> ASSIGNED TASK: Please copy the lines below, exactly as they are, from the one with "Pierścionek z bursztynem bałtyckim" through the one with "Rodri Ríos celebra un gol con la Cultural.", and leave out the pictures.

> MATERIAL FOR THE TASK:
────────────────

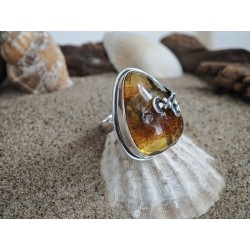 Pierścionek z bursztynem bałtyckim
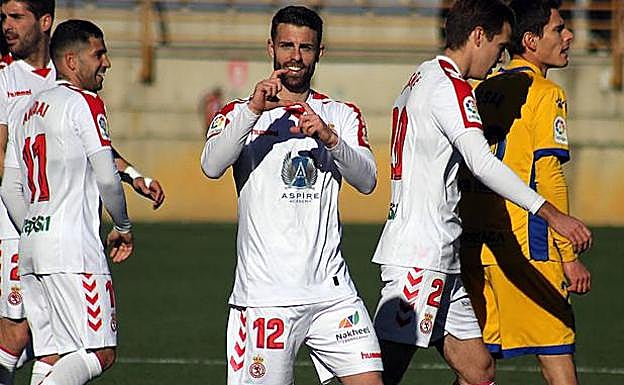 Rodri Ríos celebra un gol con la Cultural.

────────────────

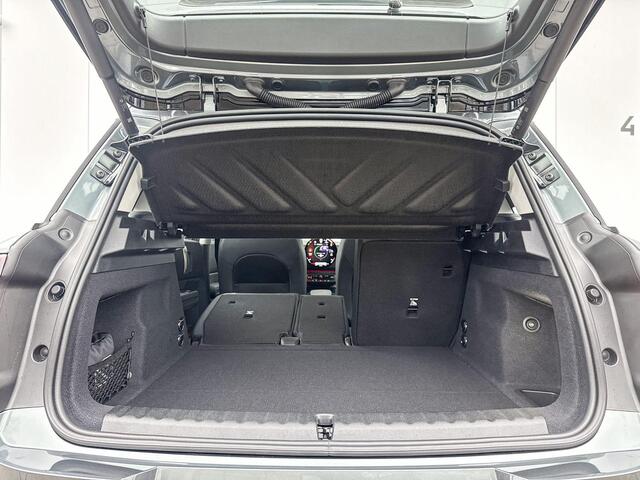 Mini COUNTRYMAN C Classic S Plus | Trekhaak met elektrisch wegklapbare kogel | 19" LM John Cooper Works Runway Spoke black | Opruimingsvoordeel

────────────────

> PROBLEM SOLUTION:
 Pierścionek z bursztynem bałtyckim
 Rodri Ríos celebra un gol con la Cultural.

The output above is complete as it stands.